SVMs find the hyperplane that maximizes the margin between classes.

### Key Concepts:
- **Support Vectors**: Training points closest to the decision boundary
- **Margin**: Distance between the hyperplane and the nearest points
- **Kernel Trick**: Map data to higher dimensions for non-linear separation

In [None]:
# Compare SVM kernels
X, y = make_moons(n_samples=200, noise=0.2, random_state=42)
X_train, X_test, y_train, y_test = train_test_split(X, y, test_size=0.3, random_state=42)

scaler = StandardScaler()
X_train_scaled = scaler.fit_transform(X_train)
X_test_scaled = scaler.transform(X_test)

kernels = ['linear', 'poly', 'rbf']

fig, axes = plt.subplots(1, 3, figsize=(15, 5))

for idx, kernel in enumerate(kernels):
    # Train SVM
    svm = SVC(kernel=kernel, random_state=42)
    svm.fit(X_train_scaled, y_train)
    
    # Predict
    y_pred = svm.predict(X_test_scaled)
    accuracy = accuracy_score(y_test, y_pred)
    
    # Plot
    plt.subplot(1, 3, idx + 1)
    
    h = 0.02
    x_min, x_max = X_test_scaled[:, 0].min() - 1, X_test_scaled[:, 0].max() + 1
    y_min, y_max = X_test_scaled[:, 1].min() - 1, X_test_scaled[:, 1].max() + 1
    xx, yy = np.meshgrid(np.arange(x_min, x_max, h), np.arange(y_min, y_max, h))
    
    Z = svm.predict(np.c_[xx.ravel(), yy.ravel()])
    Z = Z.reshape(xx.shape)
    
    plt.contourf(xx, yy, Z, alpha=0.3, cmap='RdYlBu')
    plt.scatter(X_test_scaled[:, 0], X_test_scaled[:, 1], c=y_test, 
               cmap='RdYlBu', edgecolors='black', s=50)
    plt.title(f"SVM ({kernel} kernel)\nAccuracy: {accuracy:.3f}")
    plt.xlabel('Feature 1')
    plt.ylabel('Feature 2')

plt.tight_layout()
plt.show()

print("Notice how the RBF (Radial Basis Function) kernel handles non-linear data best.")

## Key Takeaways

1. **Logistic Regression**: Simple, interpretable, works well for linearly separable data
2. **k-NN**: Simple, non-parametric, but slow for large datasets and sensitive to feature scaling
3. **Decision Trees**: Interpretable, handle non-linear relationships, prone to overfitting
4. **SVM**: Powerful for high-dimensional data, kernel trick enables non-linear separation
5. **Naive Bayes**: Fast, works well with small datasets, assumes feature independence
6. **Feature scaling** is crucial for distance-based algorithms (k-NN, SVM, Logistic Regression)
7. **No single best algorithm** - choice depends on data characteristics and requirements

## Exercises

1. **Algorithm Comparison**: Compare all algorithms on the Iris dataset. Which performs best?

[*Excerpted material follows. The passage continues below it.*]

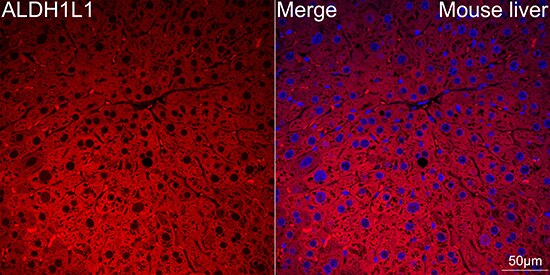 ALDH1L1 Antibody (6H10Y3)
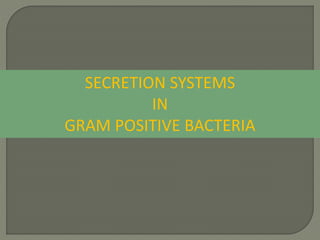 SECRETION SYSTEMS
IN
GRAM POSITIVE BACTERIA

2. **Distance Metrics**: Implement and compare Manhattan distance with Euclidean distance for k-NN.

3. **Feature Engineering**: For the breast cancer dataset, try:
   - Creating interaction features (e.g., feature1 * feature2)
   - Polynomial features
   - Feature selection (remove low-importance features)

4. **Weighted k-NN**: Modify the k-NN algorithm to weight neighbors by inverse distance.

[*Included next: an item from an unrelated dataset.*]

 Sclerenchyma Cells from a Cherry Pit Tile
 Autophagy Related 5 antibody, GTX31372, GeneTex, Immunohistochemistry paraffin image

5. **Pruning Decision Trees**: Implement post-pruning to reduce tree complexity.

6. **Multi-class Classification**: Extend LogisticRegression to handle more than 2 classes using one-vs-rest or softmax.

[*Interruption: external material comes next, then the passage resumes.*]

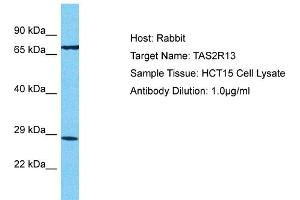 Host: Rabbit Target Name: TAS2R13 Sample Tissue: Human HCT15 Whole Cell  Antibody Dilution: 1ug/ml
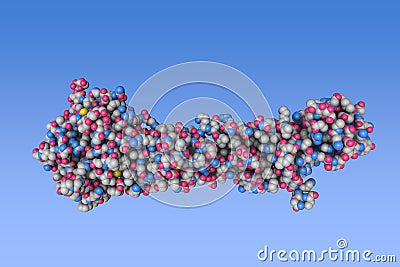 Space-filling molecular model of the influenza virus hemagglutinin on blue background. Rendering based on protein data Cartoon Illustration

7. **Visualization**: Create an interactive tool to explore how k in k-NN or tree depth affects decision boundaries.

## Next Steps

In Lab 3, we'll learn:
- Model evaluation metrics in depth
- Cross-validation techniques
- Handling overfitting and underfitting
- Hyperparameter tuning
- Learning curves and validation curves

Excellent work! You now understand the core classification algorithms in machine learning.